Schneider was introduced to Red Clay Music’s Eddie Owen by none other than Alejandro Escovedo, back in 1991 at Owen’s previous and eponymous venue (Eddie’s Attic) in Decatur, Georgia. On this magical Friday night, Schneider opened with “Montgomery” from his King Kong Vol. I EP, an all-out tour de force showing an artist stripped to his core, laying it out there in all its raw emotional form.
A mainstay of the Austin, TX, music scene, Schneider is a one-man show of serious yet playful songs with references to IKEA, cocaine, witches flying to Atlanta to go clubbing, Stephen Stills, marriage, and fatherhood. An accomplished visual artist himself, his performance resembled a retrospective of his collage paintings, alternating between heartfelt acoustic folk numbers and eclectic surprises. At one point near the end of the show he even broke out a trumpet for an emotionally charged moment.
Amidst funk and folk overtones he remarked on new fatherhood, with a tongue-in-cheek admission that his young daughter made him “reevaluate all the songs I’ve written about whores.” Indeed, fatherhood changes many things, especially when daughters are involved.
Dedicated fans shouted out requests which Schneider gracefully fulfilled on such decades-old classics as “Cap’n Kirk,” “40 Dogs (Like Romeo and Juliet),”Big Blue Sea,” “Peaches,” “Honeypot,” and “Mudhouse.”
Schneider commanded the stage with a confidence I’ve never seen in any other performer, giving the perception of a full band at his disposal when it was just the one artist.

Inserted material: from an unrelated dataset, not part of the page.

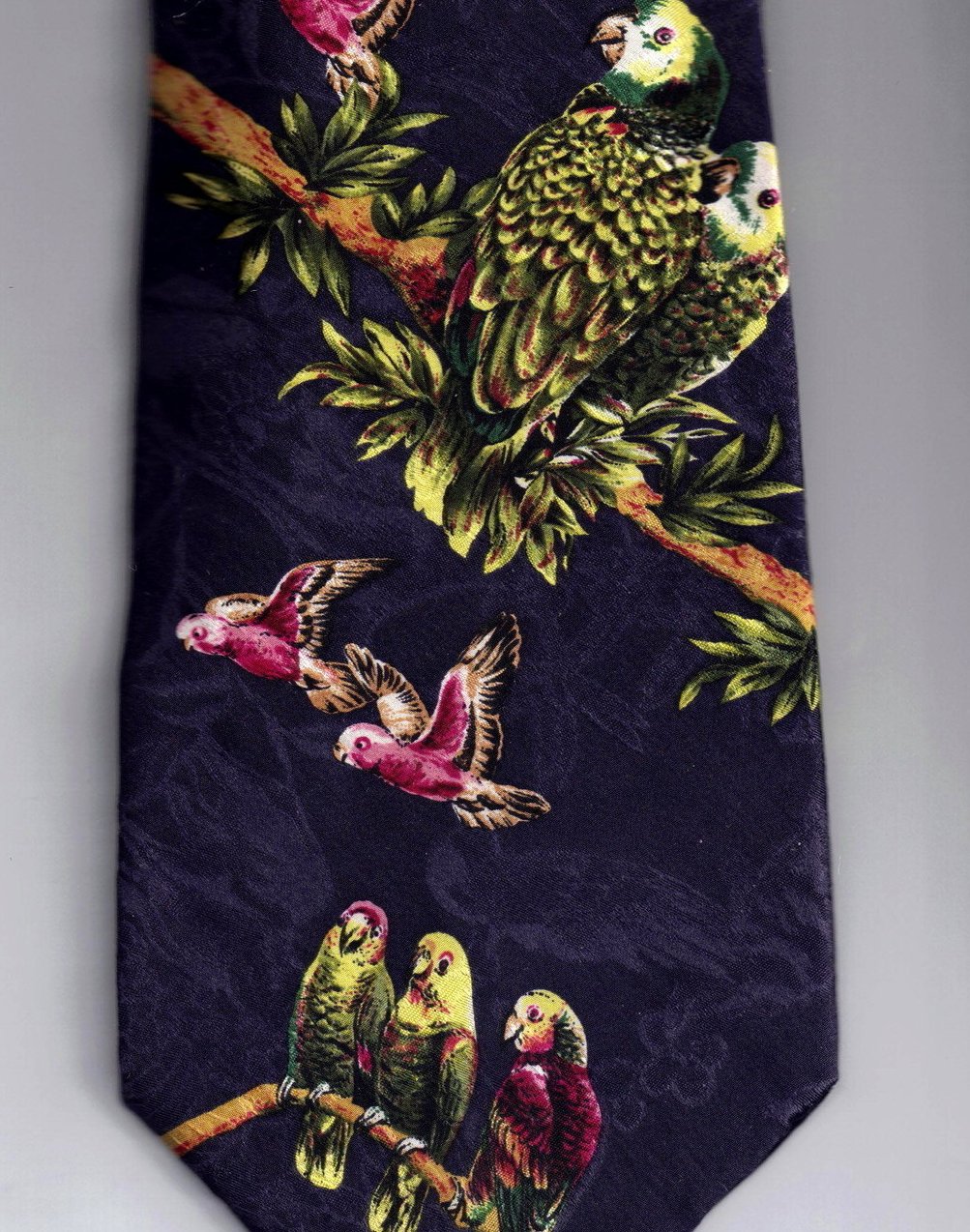 Endangered Species Parrots Silk Tie Necktie Rain Forest OOS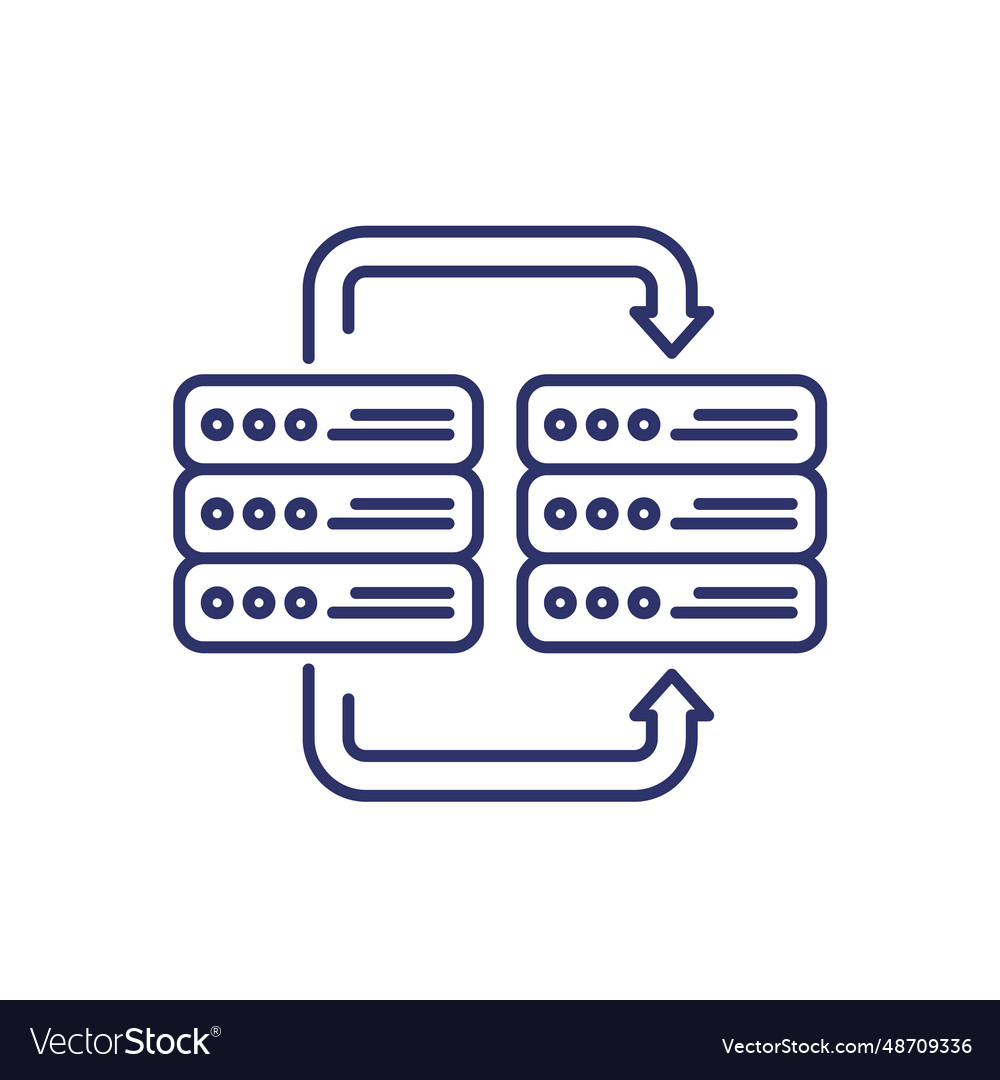 Server backup copy data line icon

Fellow Austinite Graham Wilkinson opened with a strong performance that included the best cover of a David Bowie song, “Modern Love,” that I’ve ever heard, at once highlighting Bowie’s songwriting talent and Wilkinson’s skill at interpretation and performance. A highlight was “Lucky,” inspired by an appearance on Ray Willie Hubbard’s radio show during which Hubbard told Wilkinson that he was lucky to be on the show at all — a humbling moment to be sure. Wilkinson featured a hilarious moment of “method songwriting” regarding Jimmie Rogers, Nina Simone and Hayes Carll, in a song titled “The Drinking Song” inspired by these three hard-drinking songwriters.
These performances reaffirmed Austin’s place as a longtime hotbet of eclectic singer/songwriters, as well as Eddie Owen’s place in Atlanta for featuring the best this country has to offer in talented writers and performers.